The plaintiffs have filed with the court declarations and affidavits of the plaintiffs John Roe and John Doe [Dkt. Nos. 9 10]; Robin Clark-Smith, the AIDS Program Coordinator for the Syringe Exchange Program of the Bridgeport Public Health Department [Dkt. No. 8]; Anthony Givens, a research assistant in the I-91 study, which researches how transmission of HIV and Hepatitis is related to how injecting drug users acquire, use, and discard syringes [Dkt. No. 11]; Mark Kinzly, a former coordinator of the Syringe Exchange Program of the Bridgeport Public Health Department and current coordinator of the I-91 study [Dkt. No. 6]; Dr. Robert Heimer, Associate Professor of Epidemiology and Public Health and Associate Professor of Pharmacology at the Yale University School of Medicine [Dkt. No. 7]; and Ricky Blumenthal, Associate Sociologist in the Health Program and Drug Policy Research Center at the RAND Corporation [Dkt. No. 5].

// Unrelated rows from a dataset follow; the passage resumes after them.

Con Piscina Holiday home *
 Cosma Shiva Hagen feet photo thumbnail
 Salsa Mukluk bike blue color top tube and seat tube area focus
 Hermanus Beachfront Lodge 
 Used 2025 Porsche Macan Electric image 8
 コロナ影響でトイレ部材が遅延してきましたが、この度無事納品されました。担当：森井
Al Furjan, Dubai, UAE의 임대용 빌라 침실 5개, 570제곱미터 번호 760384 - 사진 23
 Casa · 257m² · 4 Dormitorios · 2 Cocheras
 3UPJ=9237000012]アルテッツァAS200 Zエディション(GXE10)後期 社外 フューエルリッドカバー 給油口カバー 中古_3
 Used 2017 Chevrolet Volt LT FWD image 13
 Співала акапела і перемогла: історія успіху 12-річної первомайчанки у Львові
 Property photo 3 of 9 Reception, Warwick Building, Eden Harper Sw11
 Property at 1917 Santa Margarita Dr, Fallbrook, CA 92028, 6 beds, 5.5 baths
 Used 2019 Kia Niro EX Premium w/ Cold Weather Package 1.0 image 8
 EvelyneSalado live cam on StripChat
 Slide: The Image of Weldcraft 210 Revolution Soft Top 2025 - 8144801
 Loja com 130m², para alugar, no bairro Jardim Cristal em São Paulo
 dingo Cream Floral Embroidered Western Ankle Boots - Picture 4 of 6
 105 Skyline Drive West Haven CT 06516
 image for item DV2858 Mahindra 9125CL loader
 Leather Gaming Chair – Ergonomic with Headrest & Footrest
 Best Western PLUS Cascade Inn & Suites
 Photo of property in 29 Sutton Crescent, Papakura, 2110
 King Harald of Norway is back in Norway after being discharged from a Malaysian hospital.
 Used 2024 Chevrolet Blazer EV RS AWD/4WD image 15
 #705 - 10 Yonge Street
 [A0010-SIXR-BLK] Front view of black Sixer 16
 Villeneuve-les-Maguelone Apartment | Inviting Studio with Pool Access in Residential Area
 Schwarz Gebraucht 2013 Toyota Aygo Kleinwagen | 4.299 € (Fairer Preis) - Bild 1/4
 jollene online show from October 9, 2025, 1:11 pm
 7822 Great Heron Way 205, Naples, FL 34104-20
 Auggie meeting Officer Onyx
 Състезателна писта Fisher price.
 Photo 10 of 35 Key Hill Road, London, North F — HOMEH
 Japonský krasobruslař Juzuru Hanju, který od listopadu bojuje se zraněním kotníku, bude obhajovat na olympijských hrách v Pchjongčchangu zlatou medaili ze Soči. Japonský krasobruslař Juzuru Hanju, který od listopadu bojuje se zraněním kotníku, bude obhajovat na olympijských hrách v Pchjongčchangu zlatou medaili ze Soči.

According to the declaration of Clark-Smith, the Exchange "issues identification cards to injecting drug users who become participants." Dkt. No. 8 at ¶ 2. According to the declaration of Dr. Heimer, exchange programs "remove used, potentially infectious syringes from circulation" and "reduce the spread of HIV by increasing the availability of injection equipment, as well as increasing access to medical services and substance abuse treatment for users" Dkt. No. 7 at ¶¶ 24, 28. Dr. Heimer affirms that "[t]he effectiveness of exchange programs resides not only in the provision of sterile syringes in exchange for used ones but also in the provision of other services that reduce the harm of illicit drug injection." Id. at ¶ 33. According to Kinzly, the Exchange "simply cannot give users a new syringe if they do not already have [a used] one." Dkt. No. 6 at ¶ 7.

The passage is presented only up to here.